Depois de ter obtido somas fabulosas nos últimos meses, é difícil Obama não enveredar pelo financiamento privado. Mas depois de sempre ter defendido o financiamento público, e de John Mccain ir aceitar estas regras para as eleições de Novembro, será interessante ver quais os argumentos que Obama vai utilizar para justificar a sua decisão. Recentemente, Obama já começou a falar de forma diferente. É mais que certo que vai saltar fora do sistema de financiamento público. Não irá perder credibilidade?

Respostas

Arrisca-se a perder credibilidade, sim. Mas se McCain insistir muito no assunto e quiser empurrar Obama contra a parede, vai ser interessante ver qual a reacção das bases republicanas e o efeito no discurso contra o excesso de despesa do Estado a que o próprio McCain dá voz.

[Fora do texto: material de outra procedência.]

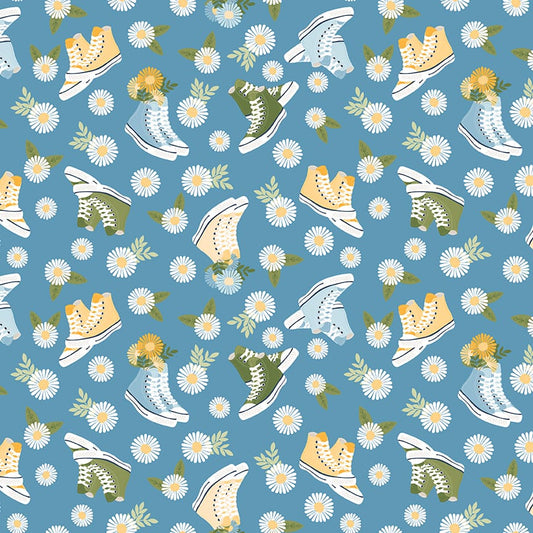 Sunshine & Dandelions Shoes Blue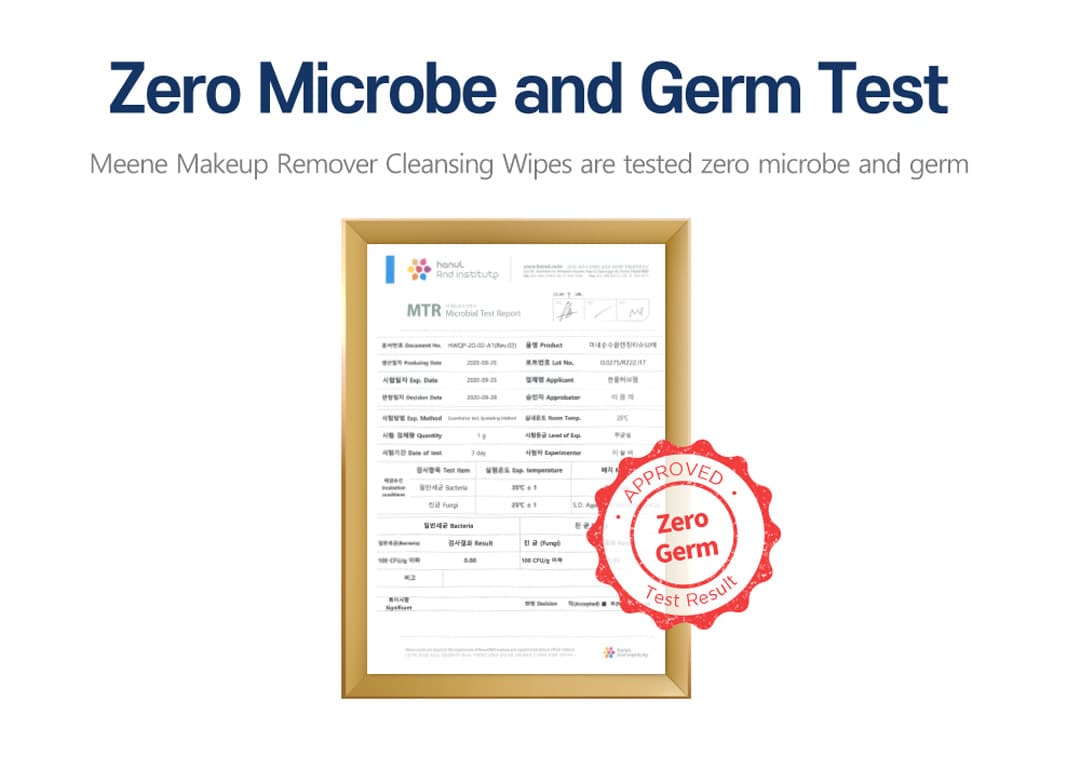 Tested for zero microbe and germ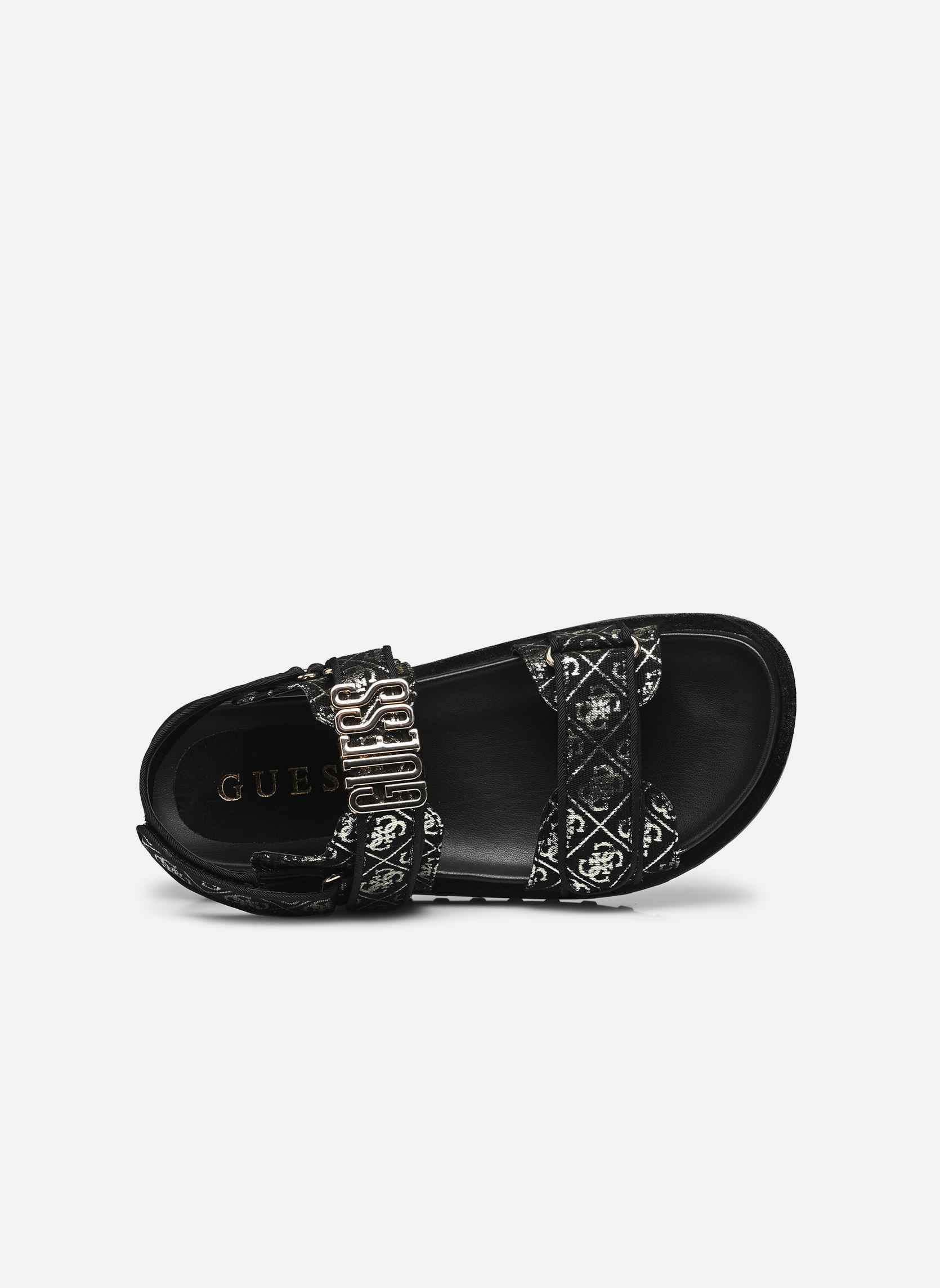 Sandalen FABELIS2 damen schwarz Guess Sandalen FABELIS2 damen schwarz Black Platino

Vai com toda a certeza perder credibilidade. E são mais uns pozinhos a juntar a algumas questões (como a do rev. Wrigth ou a do NAFTA) que já trouxeram dissabores a Obama.

Esta situação vai ser problemática…

A lei Mccain-Feingold foi criticada pelos republicanos, mas muito defendida pelos democratas. Foi para combater a influência do dinheiro nas campanhas eleitorais que se fez a esta lei. Os republicanos eram, nos últimos anos, os grandes defensores de não haver limites nos gastos eleitorais. Agora vai ser ao contrário?